Digitalisasi telah menggerus lapangan pekerjaan di berbagai sektor industri. Namun, Kepala Badan Perencanaan Pembangunan Nasional (Bappenas) Bambang Brodjonegoro menyatakan, ada 7 bidang pekerjaan yang akan tetap eksis di era digital.
Mengutip penelitian McKinsey dan hasil diskusi World Economic Forum (WEF), 7 jenis pekerjaan itu ada di bidang teknologi komunikasi, industri kreatif, profesional, manajer, pelayanan kesehatan, pendidikan, dan konstruksi.
“Di bidang industri kreatif, pekerja seperti seniman dan desainer tetap eksis, tidak akan tergantikan dengan teknologi apapun,” ujar Bambang saat seminar bertajuk ‘Quo Vadis Digital Ekonomi Indonesia’ di Hotel Mulia, Jakarta, Rabu (21/2).

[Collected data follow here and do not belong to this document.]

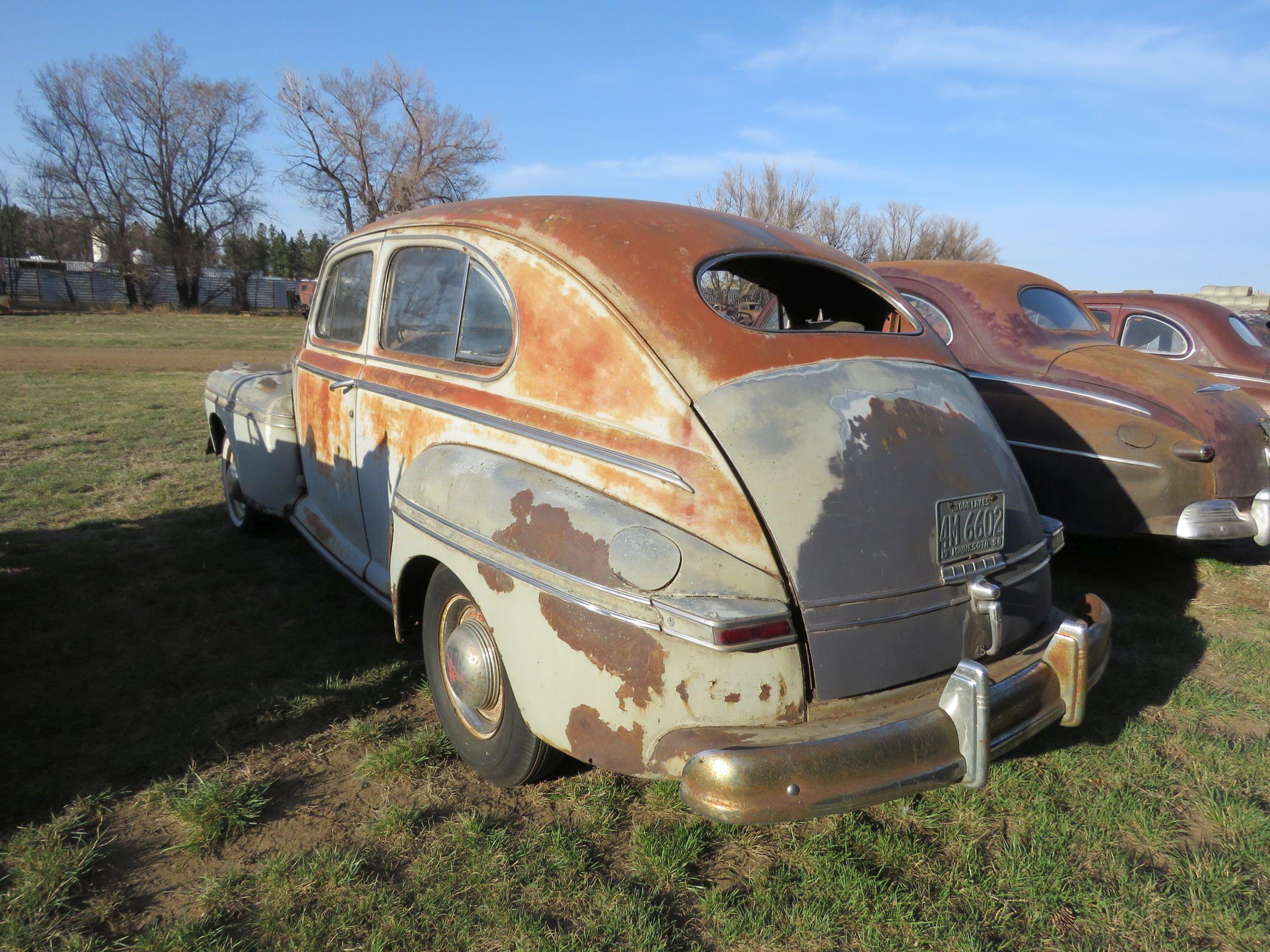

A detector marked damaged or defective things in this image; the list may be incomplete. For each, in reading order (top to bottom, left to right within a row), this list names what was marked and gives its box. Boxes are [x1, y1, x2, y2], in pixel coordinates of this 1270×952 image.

rusted car body [200, 200, 1105, 825]
second rusted car [203, 197, 1105, 820]
rusted car body [878, 262, 1268, 540]
second rusted car [878, 262, 1268, 540]
rusted car body [1073, 290, 1268, 408]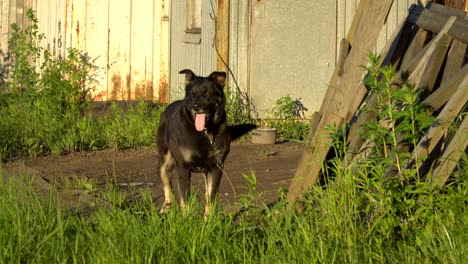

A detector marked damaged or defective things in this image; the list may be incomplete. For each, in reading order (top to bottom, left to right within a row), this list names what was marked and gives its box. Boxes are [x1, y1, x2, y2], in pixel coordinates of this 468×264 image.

Adapun, contoh pekerjaan profesional seperti ahli matematika, aktuaris, statistik, dan ahli teknik. Di bidang teknologi, seperti analis, pengembang perangkat lunak dan aplikasi, hingga broadcasting. Sedangkan di bidang pelayanan kesehatan, pekerjaan seperti dokter, bidan, perawat, serta asisten jasa kesehatan juga diproyeksi masih akan eksis.
McKinsey tersebut memproyeksikan bahwa 52,6 juta atau 51,8% dari jumlah pekerjaan di Indonesia akan hilang akibat otomasi. Di Jepang, sebanyak 55,7% pekerjaan diperkirakan bakal hilang. Sementara di Malaysia, Cina, Australia, dan Singapura masing-masing hanya 51,4%, 51,2%, 44,9%, dan 44,2%.

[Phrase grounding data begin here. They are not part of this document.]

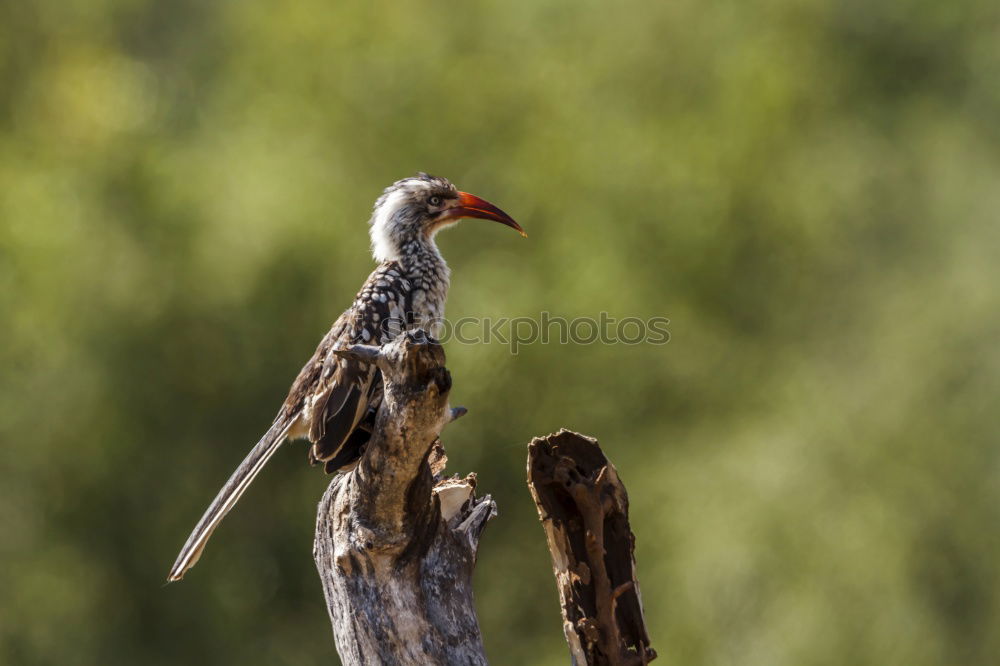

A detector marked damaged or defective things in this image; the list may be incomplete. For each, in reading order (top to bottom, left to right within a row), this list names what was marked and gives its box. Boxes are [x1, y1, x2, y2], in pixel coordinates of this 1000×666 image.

splintered wood [524, 428, 656, 664]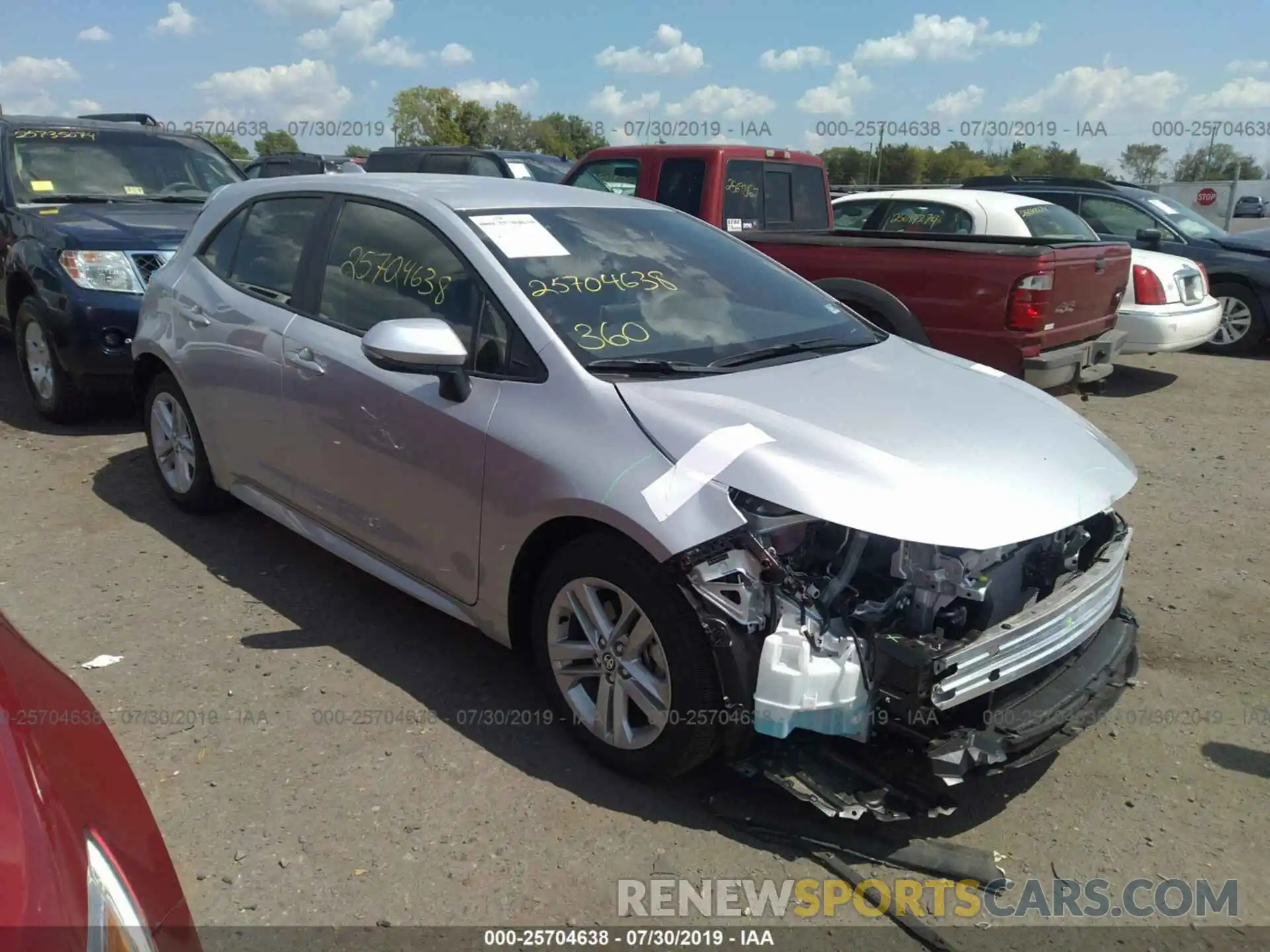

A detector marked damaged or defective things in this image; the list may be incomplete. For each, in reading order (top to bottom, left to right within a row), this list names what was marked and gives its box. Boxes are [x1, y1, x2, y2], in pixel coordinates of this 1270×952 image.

crumpled hood [22, 201, 204, 249]
crumpled hood [616, 337, 1143, 550]
front-end collision damage [675, 492, 1143, 820]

(Baca juga: Tak Hanya Perbankan, Pekerjaan Lain Berpotensi Hilang di Masa Depan)
“Dampak dari digitalisasi dan teknologi informasi di negara berkembang tidak sebesar negara maju,” kata Bambang.

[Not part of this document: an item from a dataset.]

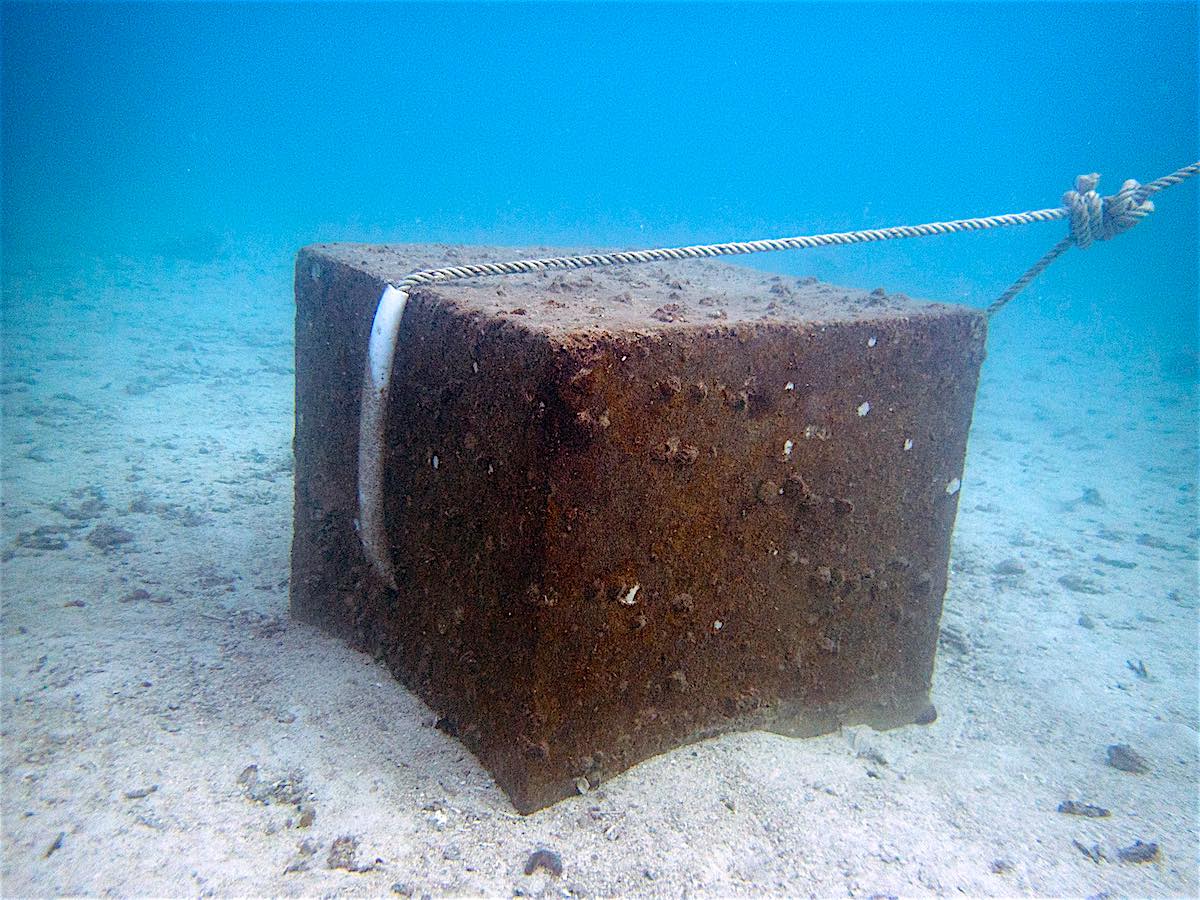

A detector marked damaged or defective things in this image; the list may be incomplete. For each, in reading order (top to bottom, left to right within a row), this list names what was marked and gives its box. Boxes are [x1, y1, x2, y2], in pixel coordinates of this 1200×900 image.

Potensi otomatisasi berdasarkan okupasi yang tertinggi, kata dia, akan terjadi di sektor manufaktur sebesar 65%. Itu artinya, sebagian besar akan menggunakan teknologi dibanding tenaga manusia. Setelah itu, otomatisasi cukup besar juga akan terjadi di sektor transportasi dan pergudangan sebesar 64%. Diikuti oleh sektor perdagangan retail 53%, pertanian, kehutanan, perikanan, dan perburuan 49%, serta konstruksi 45%.
“Potensi pekerjaan yang hilang itu yang keterampilannya terbatas, bukan level advance atau boleh dibilang level umum,” kata Bambang.
Selain itu, ia juga memperkirakan angkatan kerja tumbuh rata-rata 0,7% per tahun. Pada 2045, jumlahnya akan mencapai 172,1 juta orang. Di tahun tersebut, angka pengangguran pendidikan rendah diproyeksi mencapai 400 ribu dan pengangguran terdidik sebanyak 6,5 juta jiwa. Proyeksi angka pengangguran terdidik memang lebih besar, karena mereka cenderung selektif memilih pekerjaan.
(Baca juga: Chatib Basri Prediksi Teknologi Ciptakan 5,1 Juta Pengangguran Baru)
Oleh sebab itu, menurut dia pendidikan vokasi dan sertifikasi berbasis kompetensi merupakan langkah strategis untuk mengantisipasi hilangnya pekerjaan yang lebih besar. “Kuncinya itu untuk antisipasi, yang disiapkan dari sekarang supaya para pekerja tidak harus khawatir karena mereka masuk kategori yang tidak mudah digantikan oleh proses otomatisasi,” ujar Bambang.